Thursday, 6th Week of Easter
“You will grieve, but your grief will turn into joy.”
I have a friend who almost always radiates joy. His life is not an easy one – in fact, it is filled with adversities. Yet, you could sense that he is filled with happiness and joy because he habitually recognizes God’s presence in the midst of pain and suffering. Wherever he goes, whomever he meets, he is able to see and hear something beautiful, something for which to be grateful.
We must first clarify the meaning of joy that Jesus is referring to in today’s gospel. Joy is the experience of knowing that we are unconditionally loved, and that nothing – sickness, failure, emotional distress, or even death – can take that love away. (Henri Nouwen) Joy is not the same as happiness. We can be unhappy about many things, but joy can still be there because it comes from the knowledge of God’s love for us.
We must not think that this joy happens automatically. According to Henri Nouwen: “Joy does not simply happen to us.” “We have to choose joy and keep choosing it every day.” “It is a choice based on the knowledge that we belong to God and have found in God our refuge and our safety and that nothing, not even death, can take God away from us.”
Two people can be victims of the same accident. For the one, it becomes the source of resentment; for the other, the source of gratitude. The external circumstances are the same, but the choice or response is completely different. Some people become bitter as they grow old; others grow old joyfully. That does not mean that the life of those who become bitter was harder than the life of those who become joyful. It simply means that different choices were made – choices of the heart.
It is important to become aware that at every moment of our life we have an opportunity to choose joy. Life has many sides to it; there are always sorrowful and joyful sides to it. And so we always have a choice to live the moment as a cause for resentment or as a cause for joy.

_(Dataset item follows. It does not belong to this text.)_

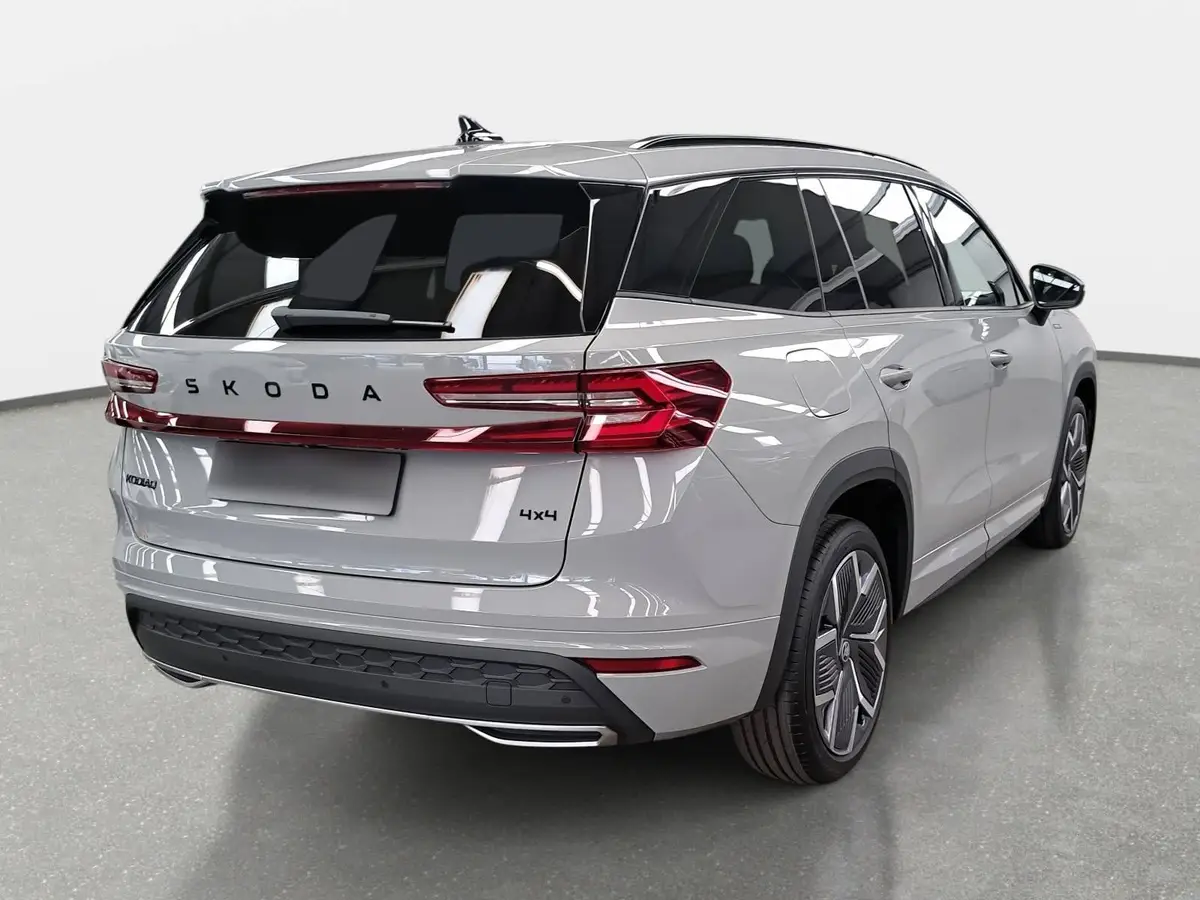 SKODA KODIAQ 2.0 TSI DSG SPORTLINE 4X4 PANO LED AHK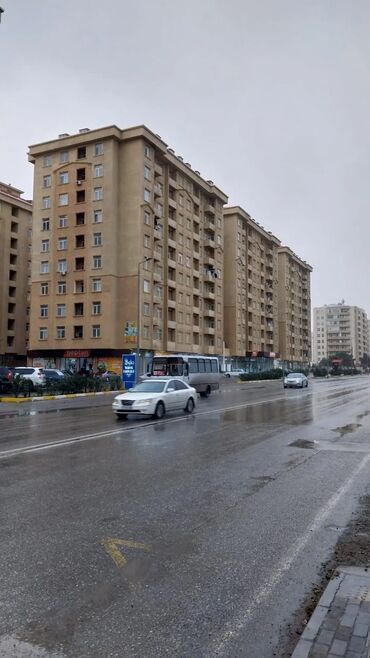 kiraye ev axtaranlar: Məmmədli, 3 otaqlı, Yeni tikili, m. Koroğlu, 85 kv. m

It might be a good idea to ask ourselves how we develop our capacity to choose joy. One thing we must do is to spend some moments at the end of each day looking back how we have been blessed that day and be grateful for it. In so doing we increase our heart’s capacity to choose for joy. And as our hearts become more joyful, we will become, without any special effort, a source of joy for others. Just as sadness begets sadness, so does joy begets joy.